Of course, Barry could not have done it on drugs alone. He worked harder than anyone else, exercising and weight-lifting obsessively, studying and practicing his craft, generally avoiding alcohol, which has ruined so many big-league careers. Because a river of beer floats important sponsors, owners, and ballpark concessions, baseball has not taken a hard line on hard drinking. This season, manager Tony La Russa was arrested for driving under the influence, while pitcher Josh Hancock drove drunk into a tow truck and died. Both were members of last year's World Series' champions, the St. Louis Cardinals, formerly owned by Anheuser-Busch. Beer has just been banned from their clubhouse.

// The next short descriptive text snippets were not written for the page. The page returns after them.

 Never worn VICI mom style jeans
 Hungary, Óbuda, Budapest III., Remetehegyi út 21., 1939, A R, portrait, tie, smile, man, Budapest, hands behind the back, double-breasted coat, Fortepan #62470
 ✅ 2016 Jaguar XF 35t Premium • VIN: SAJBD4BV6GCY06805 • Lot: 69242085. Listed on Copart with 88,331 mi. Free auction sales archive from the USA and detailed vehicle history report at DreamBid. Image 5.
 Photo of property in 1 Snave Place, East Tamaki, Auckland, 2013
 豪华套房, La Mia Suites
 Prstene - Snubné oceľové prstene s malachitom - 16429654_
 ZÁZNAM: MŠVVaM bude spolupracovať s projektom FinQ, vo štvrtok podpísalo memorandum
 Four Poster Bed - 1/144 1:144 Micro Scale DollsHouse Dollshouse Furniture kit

Mantle's heavy drinking--he often came to the ballpark drunk or hung-over--was no secret. The beat writers protected him. After all, losing access to Mantle and his teammates for one or two true stories could wreck a career. Even now, in these more contentious times, sportswriters generally want to write positive stories; they are fans, too.

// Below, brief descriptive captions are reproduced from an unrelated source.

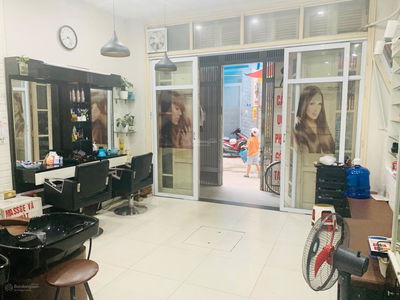 Gehäuse In Ha GJong, Vietnam Gehäuse In Ha GJong, Vietnam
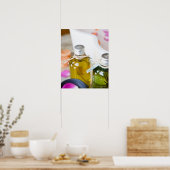 Nahe Flaschen mit Massageölen Poster (Küche)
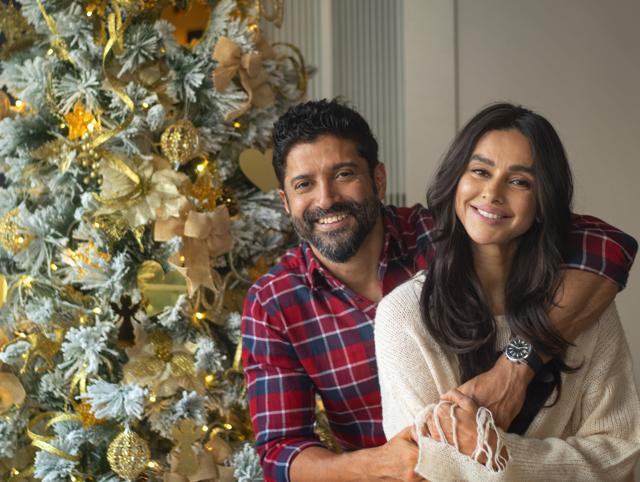 Farhan and Shibani at their Mumbai house, pose exclusively for HT City. (Photo by Satish Bate/ Hindustan Times) (CREDIT: Satish Bate/ Hindustan Times) Farhan and Shibani at their Mumbai house, pose exclusively for HT City. (Photo by Satish Bate/ Hindustan Times) (CREDIT: Satish Bate/ Hindustan Times)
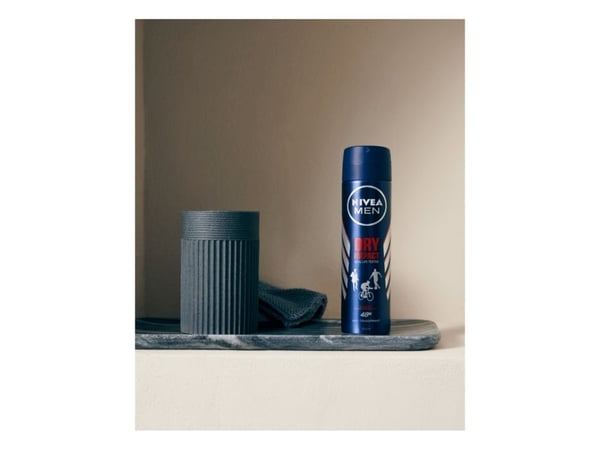 Nivea Dry Impact antiperspirant deodorantspray 200 ml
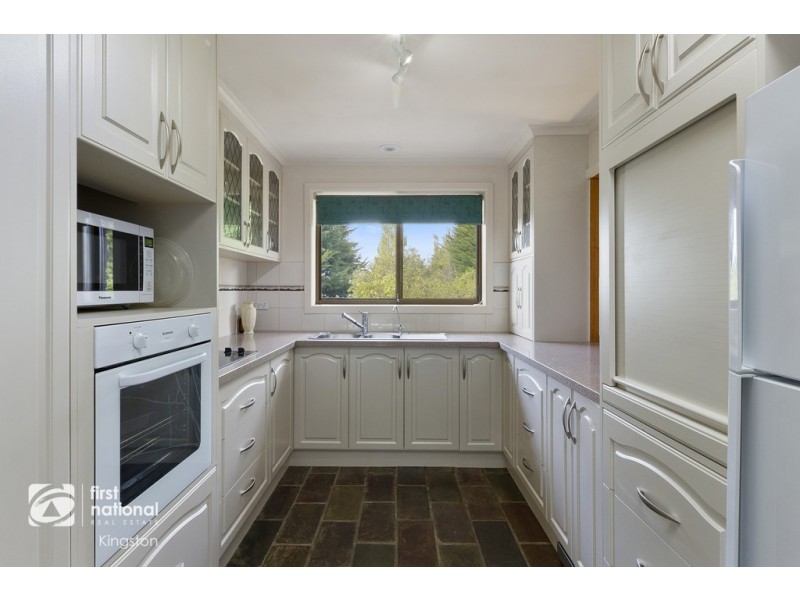 302 Leslie Road, Kingston TAS 7050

Golenbock has written several bestsellers about the Yankees, including Dynasty, The Bronx Zoo, and Wild, High and Tight, a Billy Martin biography. He was trying to shape a careers-worth of Mantle anecdotes into a biography when--disclosure--I suggested that it might make a delicious novel. The result: A quirky Mantle monologue from heaven as he tries to convince Leonard Shecter, a real-life sportswriter (who did not like him) to help him with a memoir.

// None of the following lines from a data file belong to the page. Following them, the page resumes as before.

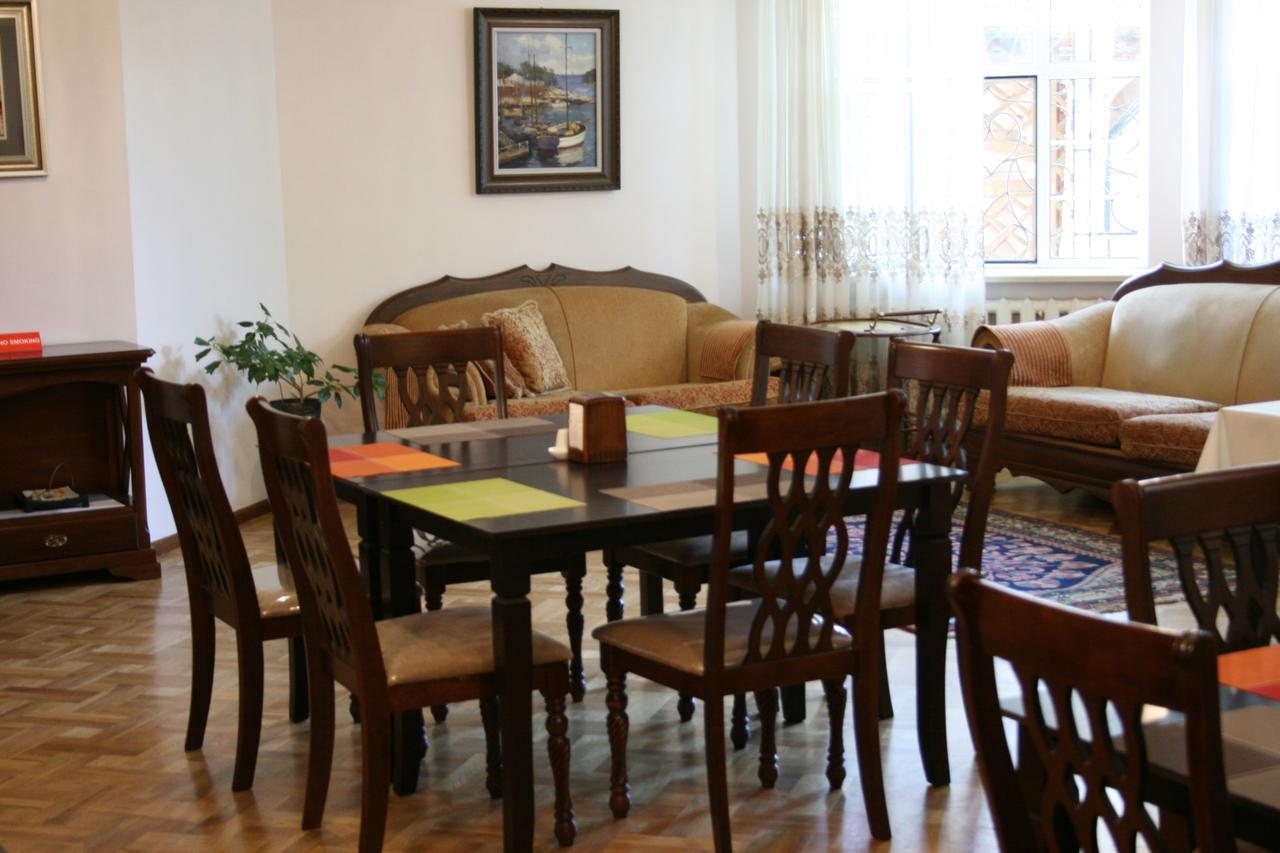 Astoria Garden Hotel Bisjkek Buitenkant foto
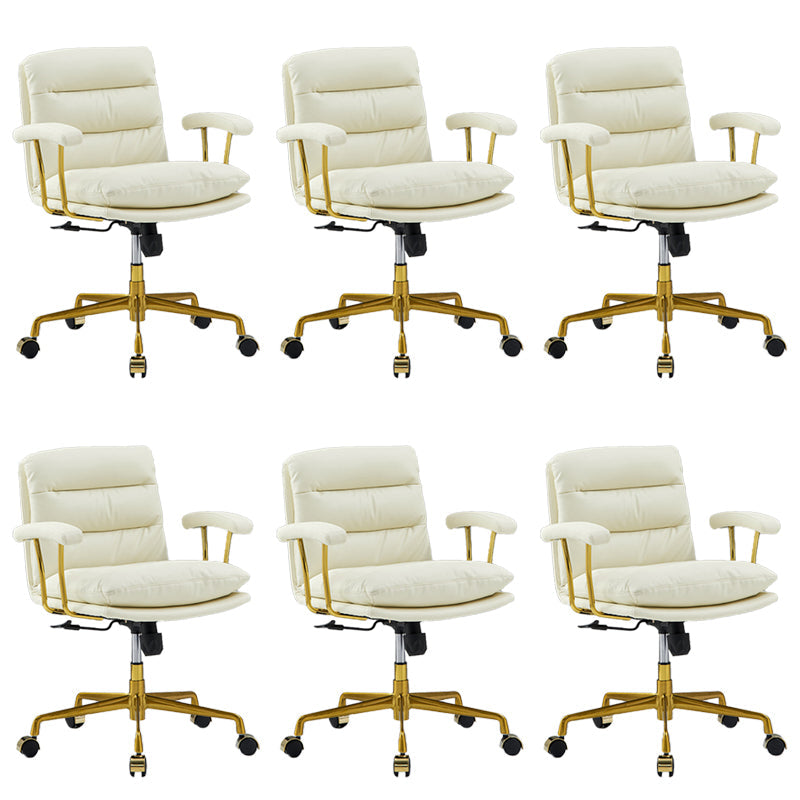 Chaise de bras rembourrée en cuir à hauteur de siège réglable chaise de bureau avec roues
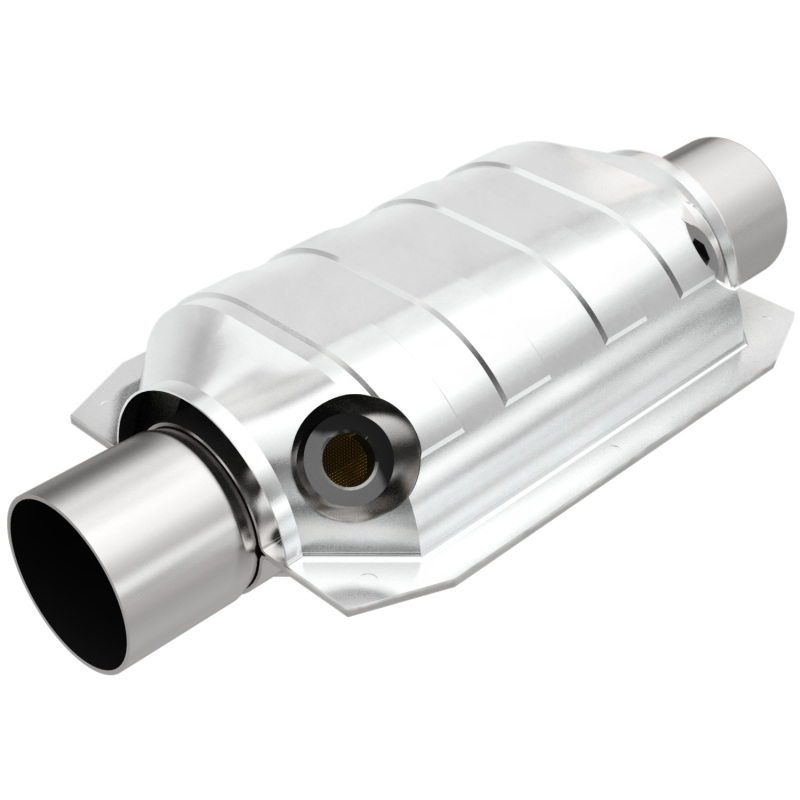 MagnaFlow Universal Catalytic Converter 2.25 W/Dual O2 Boss
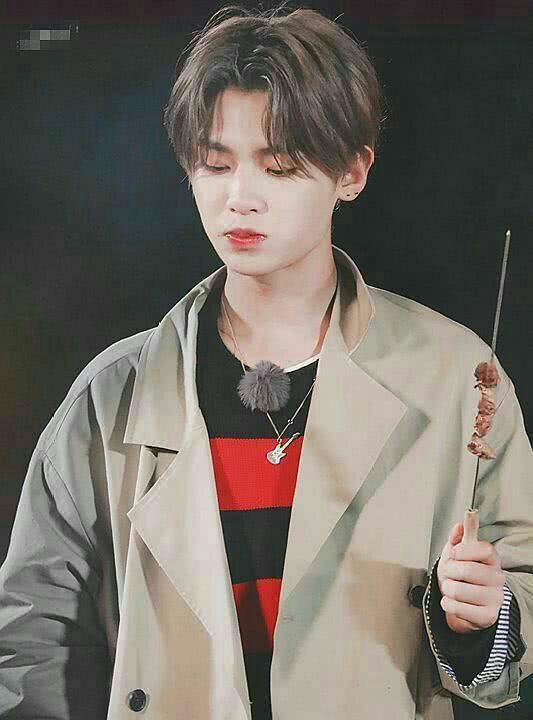 昊哥也太帅了吧，呜呜呜呜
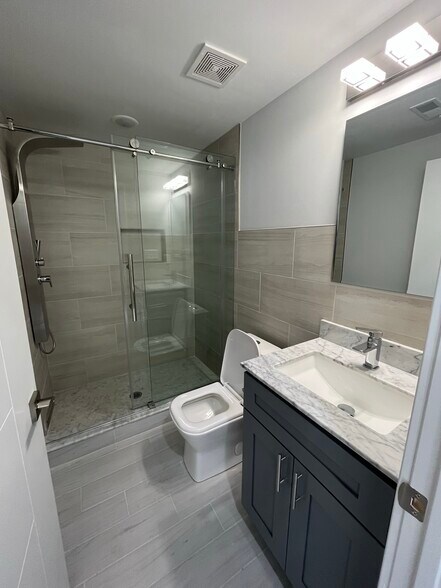 Building Photo - 522 W Berks St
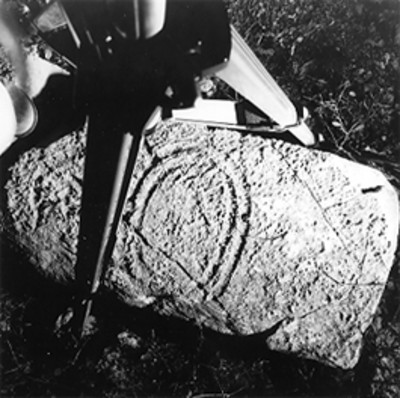 Fragmento de lápida con bajo relieve en el Rancho Ukum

7 is as heartfelt a valentine to baseball as Ball Four ever was. Horrified critics have homed in on a scene in which Mantle has sex with his female counterpart, Marilyn Monroe. It is cheesy in its way, although Golenbock claims that Billy Martin, Mantle's former Yankee drinking buddy and later the club's manager, told him it really happened. In any case, it's a true fan's note: Monroe's abusive husband, the great DiMaggio, was never welcoming to the rookie Mantle when they shared the outfield and, by waiting too long to call for a fly ball, caused the injury that plagued the Mick throughout his career.

I don't know whether the outrage over the novel stems from playing fast and loose with the legend, even though Mantle's drinking and screwing has been reported elsewhere, or from the play-by-play; Marilyn was bored by the Mick's performance.

The fact is this: Mantle did not give the game--and us--his best, yet he has become emblematic of our baseball dreams. Bonds, who has relentlessly tried to be the best, with or without chemicals, has been demonized for his refusal to charm us, to recognize our fandom.

Someday, in the coming apocalypse, when the home-run derbies are finally at an end, the Centerfielder who died for our sins will have to be acknowledged as all too human while the Dark Angel will have to be granted, however begrudgingly, his rightful place by the throne of Our Babe.